Alois J. Schardt war es auch, der 1927 mit zwei Aquarellen von Wassily Kandinsky den ersten Bauhäusler für das Museum ankaufte. Eine Präsentation mit internationalen Werken der Meister Kandinsky, Klee, Feininger, Schlemmer und Muche und eine interaktive Kinderausstellung mit Experimenten zum Bauhaus runden die Ausstellung ab – und rechtfertigen neben der Tatsache, dass alle bis auf Muche auch in der hauseigenen Sammlung mit Werken vertreten sind, das besucherzahlenziehende „Bauhaus“ im Ausstellungstitel.

Es ist eine Rekonstruktion auf Zeit – nach drei Monaten müssen die Arbeiten auf Papier wieder ins schützende Depot und die Leihgaben zurück. Ob einige länger in Halle bleiben können, dazu führt Bauer-Friedrich derzeit Gespräche.

Ein hervorragender Katalog setzt diesem Stück Kunstgeschichte ein analoges Denkmal. Digital überdauern wird die Rekonstruktion eines anderen Bauhaus-Mythos: 1927 nahm Walter Gropius am Architekturwettbewerb der Stadt Halle teil. Ein Gebäudekomplex mit Konzert-und Kongresshalle, Sportforum und einem neuen Museum für die Sammlung in der Moritzburg sollte entstehen.

Dank VR-Brille und einer Kooperation mit der Burg Giebichenstein Kunsthochschule Halle ist das nie gebaute Museum nun begehbar. An den virtuellen Wänden hängen auch die Werke, die nicht nach Halle geholt werden konnten. Franz Marcs „Tierschicksale“ aus dem Kunstmuseum Basel etwa wurden trotz Vermittlung auf höchster diplomatischer Ebene nicht ausgeliehen.

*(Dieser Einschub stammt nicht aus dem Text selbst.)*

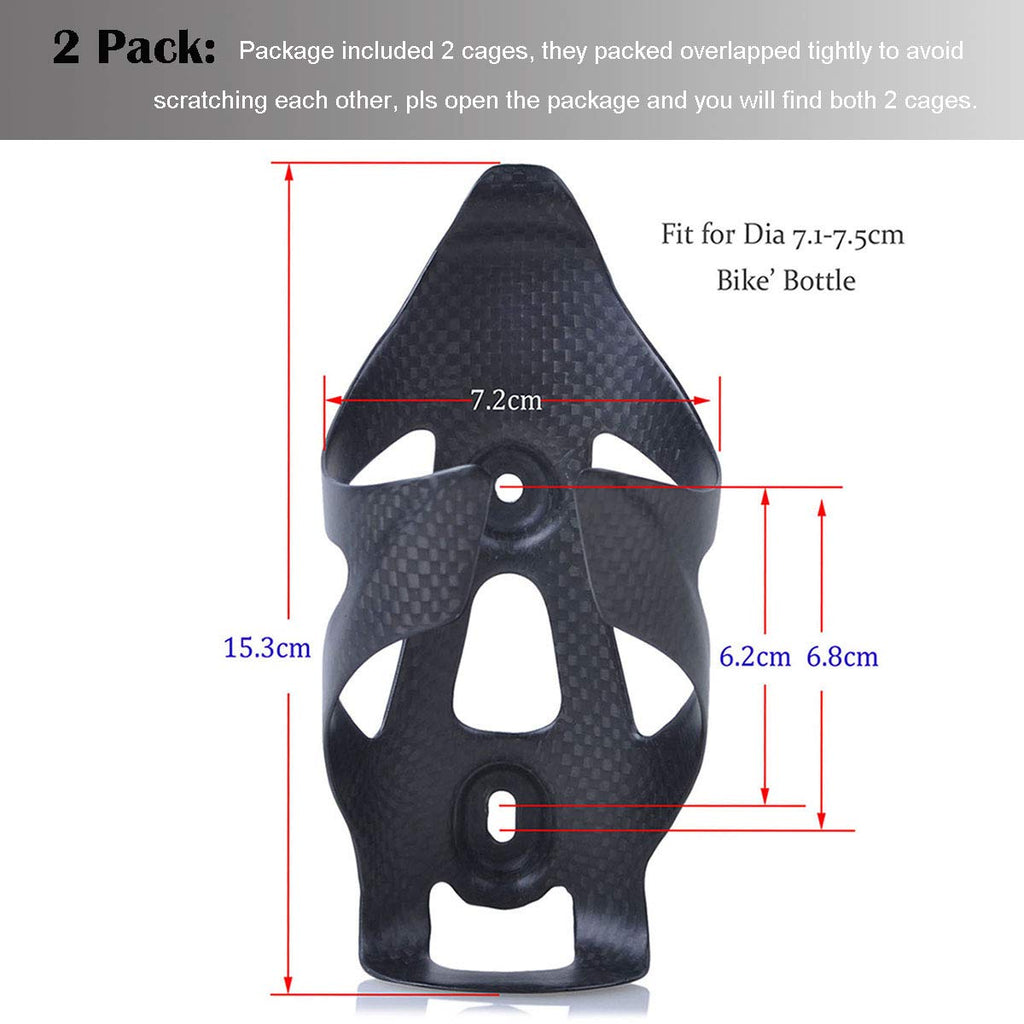 Thinktop 2 Pack Ultra-Light Full Carbon Fiber Bicycle Bike Drink Water Bottle Cage Holder Brackets For Road Bike Mtb Cycling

Ziel, große Lücken zu schließen

Dem Kunstmuseum Moritzburg ist im Bauhaus-Jahr eine Ausstellung über 30 Jahre Kunstgeschichte gelungen, deren regionale Bedeutung auch im Hinblick auf 30 Jahre Mauerfall nicht zu unterschätzen ist. Denn die Rezeption der Moderne war im Osten eine andere als im Westen: „Im Osten gab es eine doppelte Ächtung der Moderne“, erklärt Thomas Bauer-Friedrich. „Bis in die siebziger Jahre war der Expressionismus als Vorläufer des Faschismus verschrien, und der Stolz auf das einstige Renommee des Hauses ist weggebrochen.“

„Das Comeback. Bauhaus Meister Moderne“, bis 12. Januar 2020, Halle (Saale)

Auch zu DDR-Zeiten habe das Haus noch weiter am Puls der Zeit angekauft, doch in den 1990er Jahren den Anschluss ans Zeitgenössische verpasst: „Seither sind wir Verwalter von Kulturgut geworden. Retrospektiv ausgerichtet. Das finde ich fatal.“

Sein Ziel ist es, in den kommenden Jahren Kunst aus den 1990ern und 2000ern bis in die Gegenwart anzukaufen. Auch in der sehr guten Sammlung zeitgenössischer Kunst aus der DDR gibt es Lücken, die er schließen möchte. Die Frage, welche Positio­nen westdeutscher Kunst man ergänzend ankaufen wolle, will er mit seinem sich in den kommenden Jahren noch weiter verjüngenden Wissenschaftlerteam diskutieren.